> **Task details**: When the line containing "Primavera en Eaton" is found in the data below, give it again along with every later line, exactly; drop the pictures.

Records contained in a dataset
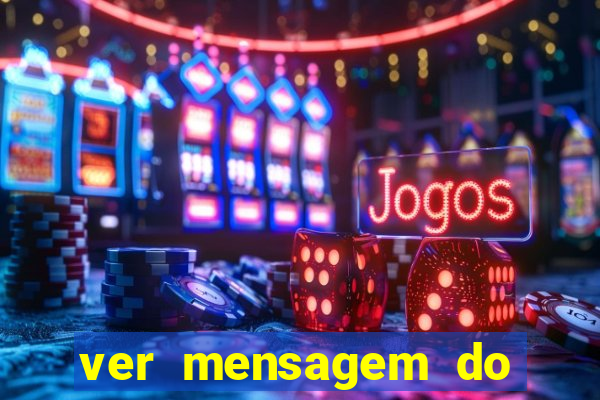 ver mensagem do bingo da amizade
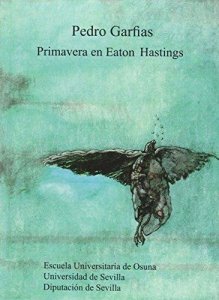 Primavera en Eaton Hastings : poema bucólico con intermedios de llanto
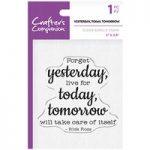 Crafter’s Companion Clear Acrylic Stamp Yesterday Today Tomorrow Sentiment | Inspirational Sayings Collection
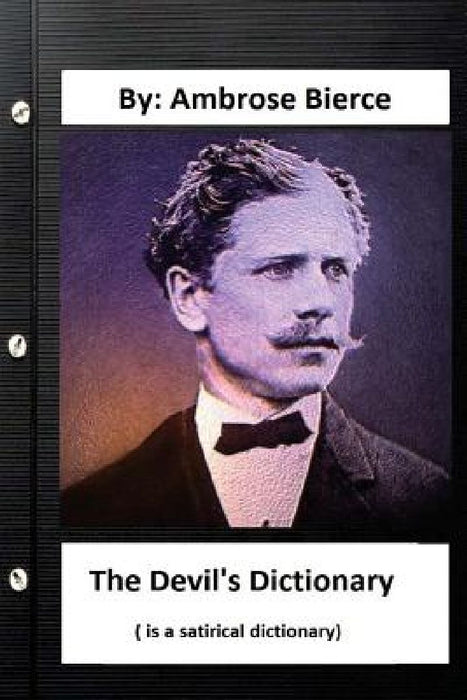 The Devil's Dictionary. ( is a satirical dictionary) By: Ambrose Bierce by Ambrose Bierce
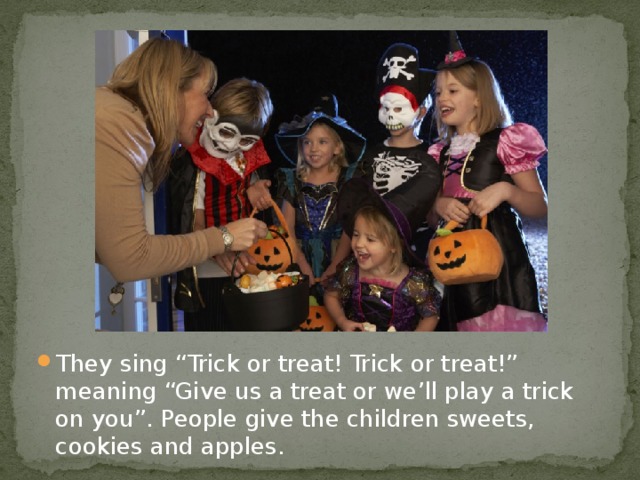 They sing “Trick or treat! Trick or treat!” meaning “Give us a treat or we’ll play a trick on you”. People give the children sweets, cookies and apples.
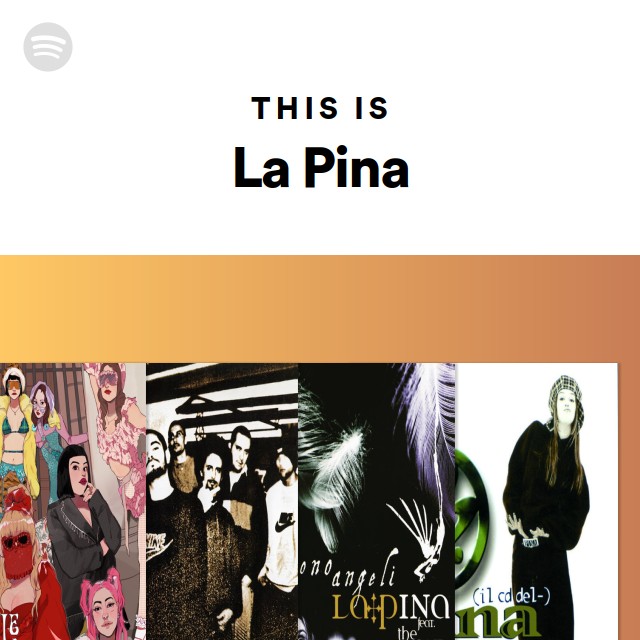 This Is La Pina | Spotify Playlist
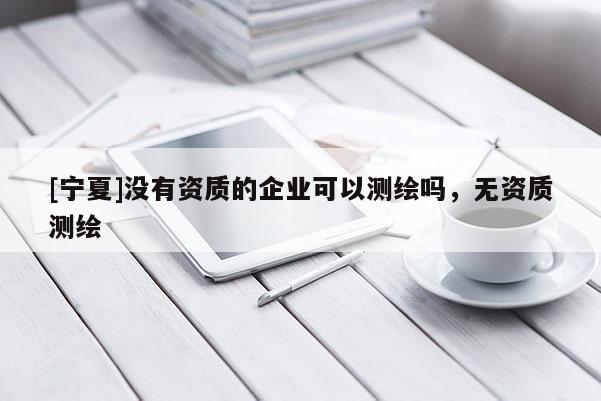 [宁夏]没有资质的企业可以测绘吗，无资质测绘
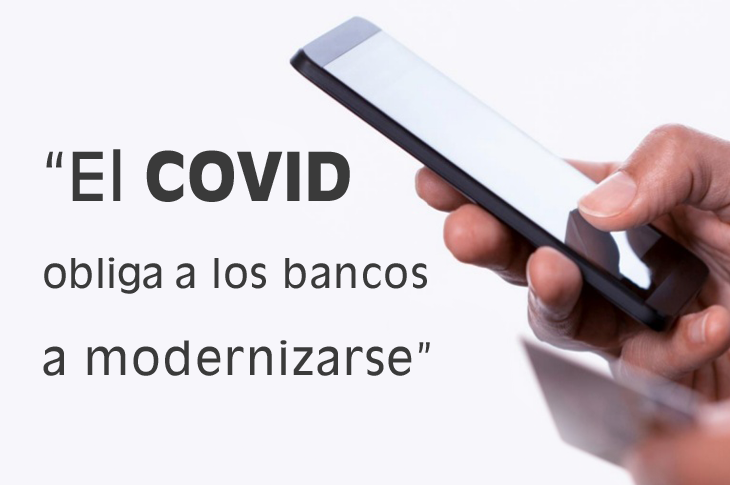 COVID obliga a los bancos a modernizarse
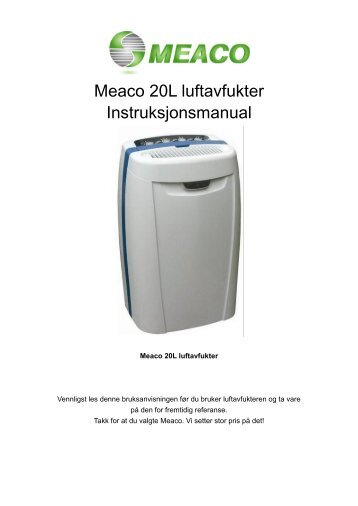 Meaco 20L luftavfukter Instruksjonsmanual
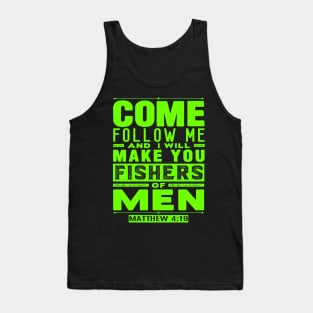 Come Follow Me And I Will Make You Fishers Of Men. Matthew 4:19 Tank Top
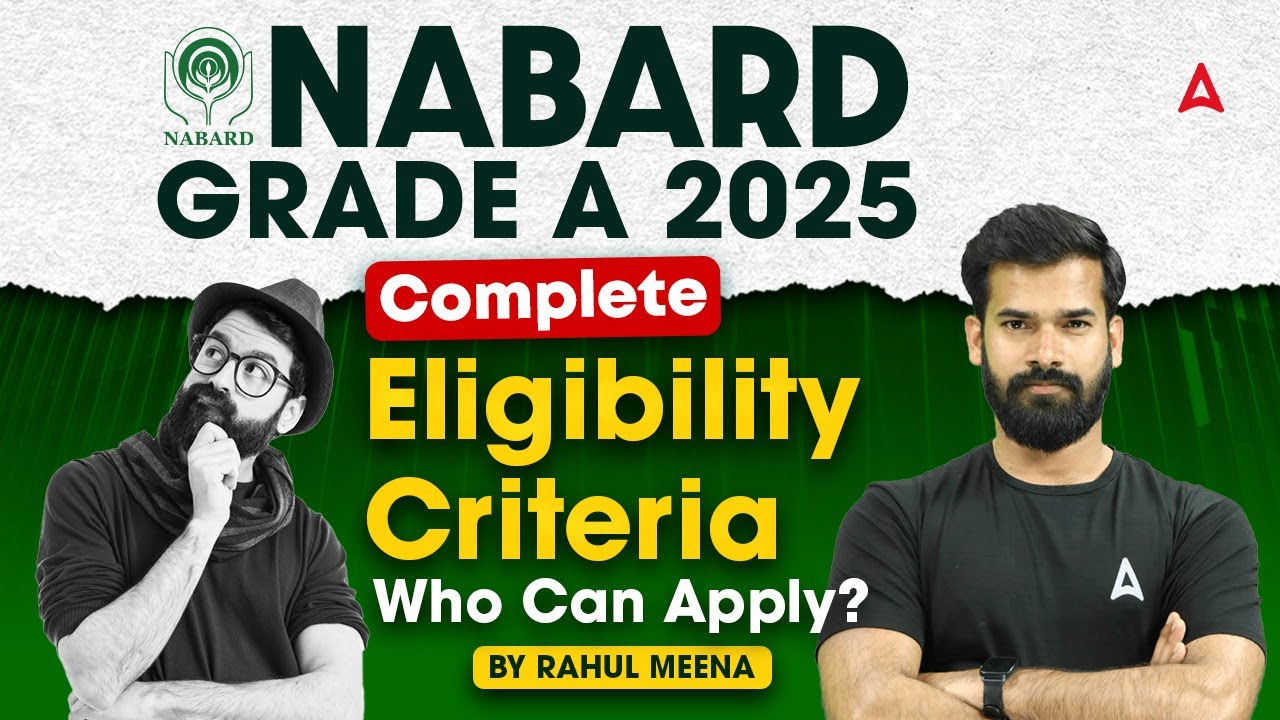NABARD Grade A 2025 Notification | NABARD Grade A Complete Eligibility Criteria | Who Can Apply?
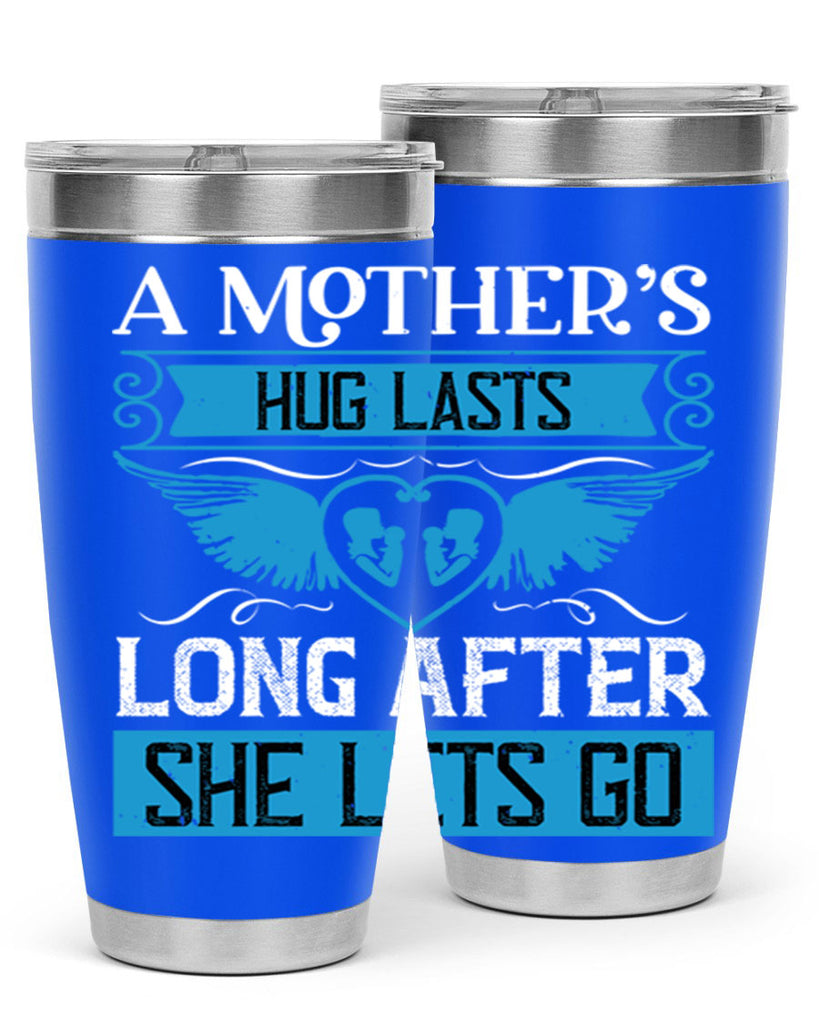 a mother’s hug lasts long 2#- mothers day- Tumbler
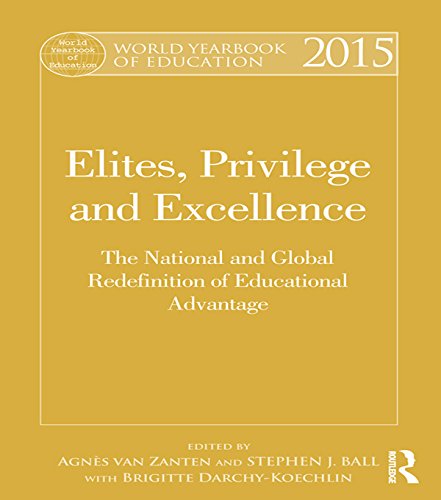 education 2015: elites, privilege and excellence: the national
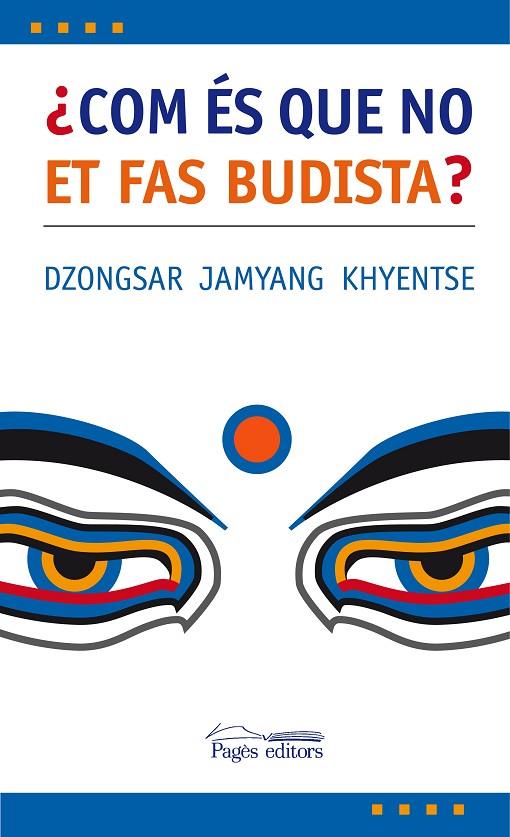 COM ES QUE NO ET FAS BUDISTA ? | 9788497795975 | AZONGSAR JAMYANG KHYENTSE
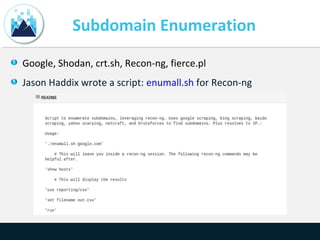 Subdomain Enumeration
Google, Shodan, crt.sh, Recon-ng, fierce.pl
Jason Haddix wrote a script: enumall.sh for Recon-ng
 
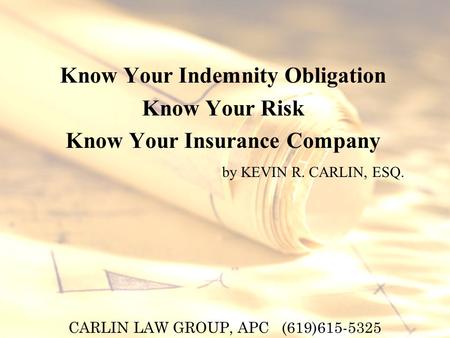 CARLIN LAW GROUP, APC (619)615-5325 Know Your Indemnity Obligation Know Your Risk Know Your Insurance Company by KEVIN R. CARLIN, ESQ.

> **Written solution**:
 Primavera en Eaton Hastings : poema bucólico con intermedios de llanto
 Crafter’s Companion Clear Acrylic Stamp Yesterday Today Tomorrow Sentiment | Inspirational Sayings Collection
 The Devil's Dictionary. ( is a satirical dictionary) By: Ambrose Bierce by Ambrose Bierce
 They sing “Trick or treat! Trick or treat!” meaning “Give us a treat or we’ll play a trick on you”. People give the children sweets, cookies and apples.
 This Is La Pina | Spotify Playlist
 [宁夏]没有资质的企业可以测绘吗，无资质测绘
 COVID obliga a los bancos a modernizarse
 Meaco 20L luftavfukter Instruksjonsmanual
 Come Follow Me And I Will Make You Fishers Of Men. Matthew 4:19 Tank Top
NABARD Grade A 2025 Notification | NABARD Grade A Complete Eligibility Criteria | Who Can Apply?
 a mother’s hug lasts long 2#- mothers day- Tumbler
 education 2015: elites, privilege and excellence: the national
 COM ES QUE NO ET FAS BUDISTA ? | 9788497795975 | AZONGSAR JAMYANG KHYENTSE
 Subdomain Enumeration
Google, Shodan, crt.sh, Recon-ng, fierce.pl
Jason Haddix wrote a script: enumall.sh for Recon-ng
 
 CARLIN LAW GROUP, APC (619)615-5325 Know Your Indemnity Obligation Know Your Risk Know Your Insurance Company by KEVIN R. CARLIN, ESQ.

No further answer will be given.